Participar em minha quarta conferência promovida pela ONU permitiu, além de ampliar a rede de relações acadêmicas e técnicas, identificar uma série de situações que podem convergir para a busca de alternativas para a governança da água em áreas urbanas e, também, para a cooperação internacional para o uso de água transfronteiriça. Certamente isso amplia as possibilidades de cooperação científica, o que deve gerar novas sinergias de pesquisa.
A contribuição da USP para a Agenda de Ação da Água, indicada no primeiro parágrafo, consiste em uma série de seminários para discutir o Acesso à Água e o Direito Humano à Água e ao Saneamento com o objetivo de ampliar a participação social por meio da difusão desses temas à sociedade. Ela foi organizada, como preconizava a ONU, em colaboração com a Rede de Geografia das Águas no Brasil. Já foram realizados dois eventos virtuais. O primeiro apresentou as expectativas para a conferência e o segundo destacou um balanço dos avanços e desafios registrados no evento. Além disso, está prevista a realização de mais uma avaliação da conferência, no Instituto de Estudos Avançados da USP, no próximo dia 18 de abril. Por fim, está em organização uma publicação para a avaliação dos resultados da conferência como uma forma de contribuir para a difusão das metas estabelecidas na reunião de Nova York.
Porém, para um professor com mais de 30 anos de docência na USP, o maior resultado está numa foto na qual registro a presença de três ex-alunas: duas orientandas de doutorado do Programa de Pós-Graduação em Geografia Humana do Departamento de Geografia da FFLCH – Isabela Batistello Espíndola, que atua na International Water Association; Luciana Ziglio, especialista em resíduos sólidos e mudanças climáticas que desenvolve pesquisa de pós-doutorado sob supervisão do professor Tercio Ambrizzi, do Instituto de Astronomia, Geofísica e Ciências Atmosféricas da USP, com apoio da Superintendência de Gestão Ambiental da USP; Maura Campanilli, destacada jornalista ambiental que foi minha aluna na disciplina Geografia dos Recursos Naturais e concluiu o curso de Geografia pela FFLCH, além de frequentar meu grupo de pesquisa por anos. Esse encontro casual ocorreu no evento paralelo WOMEN 4OUR WATER – From Portuguese Speaking Countries to the World, que promoveu o lançamento do Manifesto das Mulheres pela Água, coordenado por ativistas portuguesas, que contou com a presença de autoridades portuguesas de gestão da água e de energia e ativistas de países de língua portuguesa (Brasil, Cabo Verde e Portugal). Encontrar ex-alunas na mesma sala de uma reunião multilateral é um indicador de que a transição está bem direcionada!
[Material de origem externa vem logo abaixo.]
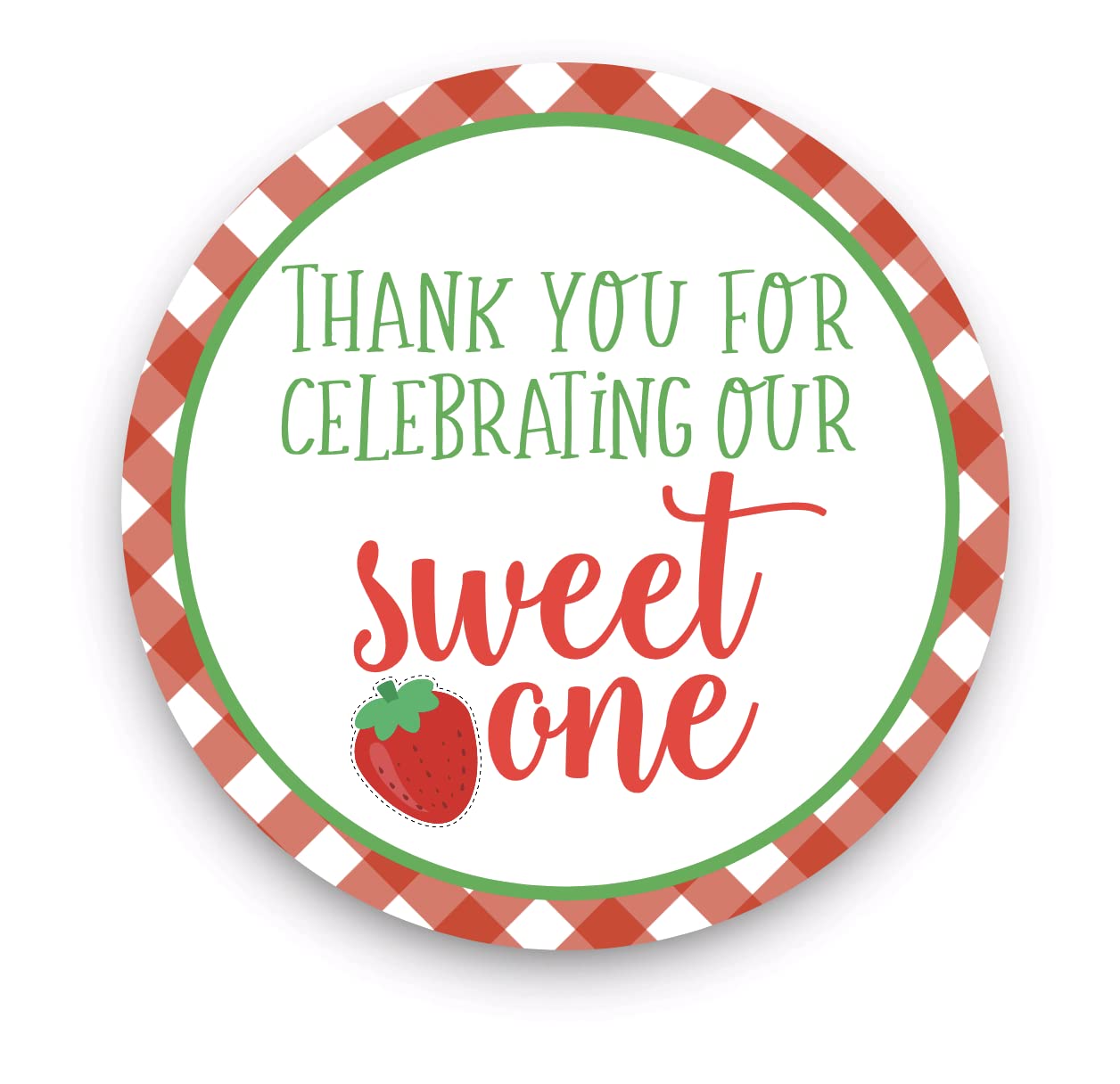 Thank You For Celebrating Our Sweet One Strawberry Favor Stickers, Strawberry Labels, Strawberry Party Decorations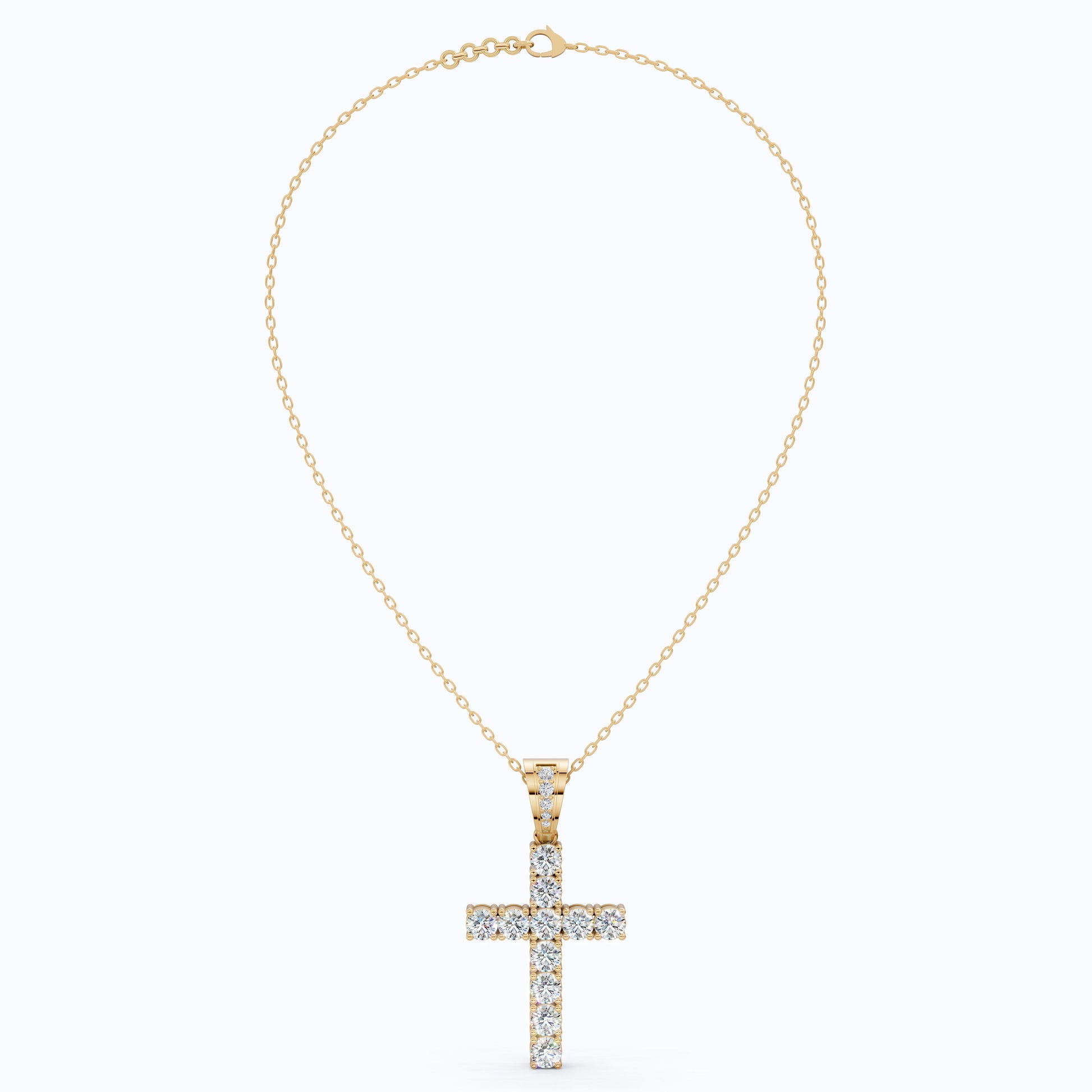 Jesus Christ Cross Diamond Hip-Hop Pendant, Classic Cross Pendant with Round Lab Diamond or Moissanite – Solid 10k/14k Gold or Silver Necklace Religious Gift for Her, Iced Out Jewelry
Além dos nomes citados, outras egressas me procuravam a cada intervenção na qual me apresentava como professor desta casa, como Cláudia Coleone, formada em Gestão Ambiental pela Esalq. Portanto, creio que a maior contribuição da USP nesta reunião da ordem ambiental internacional foi formar quadros qualificados que contribuíram para elaborar um plano para um melhor uso da água e que somam esforços junto à comunidade internacional em busca do pleno exercício do Direito Humano à Água e ao Saneamento.